“The sudden and drastic change in the style of working from home may necessitate the use of new work-management strategies, such as the increased practice of mindfulness, to effectively mitigate the problem of loss of productivity due to unwanted procrastination,” said Ashwin Gautam, a graduate research scholar at Binghamton’s Laboratory of Consciousness, Cognition, & Psychopathology.
The study found that practicing mindfulness, or the conscious awareness of emotions and sensations, predicted lower rates of procrastination and distress.
“Mindfulness can decrease procrastination by lowering the anxiety associated with completing a daunting task,” Gautam said. “By being aware of our anxiety and understanding its effect on triggering unwanted procrastination, one can limit one’s habitual and automatic tendency to procrastinate.”

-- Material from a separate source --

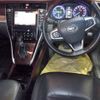 toyota harrier 2015 CFJ1879474 image 5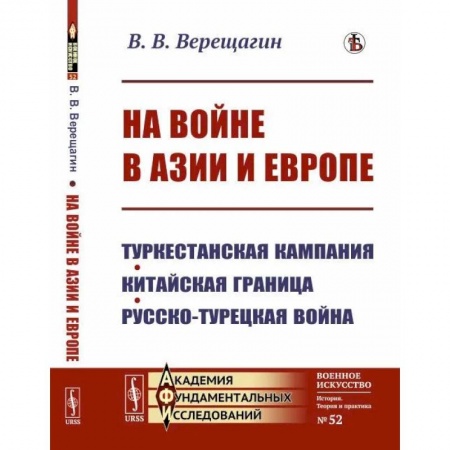 Общие работы по истории войн, книга На войне в Азии и Европе: Туркестанская кампания, китайская граница, русско-турецкая война купить по скидке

Gautam, along with Craig Polizzi and Richard E. Mattson, scaled undergraduate students’ levels of anxiety in different scenarios of procrastination. They found a positive correlation between anxiety and procrastination.
“Our findings also implied that anxiety plays a key role in treating procrastination,” Gautam said. “Even being aware of one’s own tendency to put things off until the last minute consistently is enough to lower chronic procrastination to some degree.”
The researchers clarified that mindfulness could be practiced throughout the day. It is merely a matter of being aware of our actions.
“To be mindful is to be consciously aware of two key aspects of the moment – what’s happening in the environment outside and what’s happening within our body and mind,” Gautam said. “We can practice mindfulness at any time by bringing gentle and non-judgmental awareness of our present thoughts, emotions and action tendencies.”
The paper, “Mindfulness, procrastination, and anxiety: Assessing Their Relationship,” was published in Psychology of Consciousness: Theory, Research, and Practice.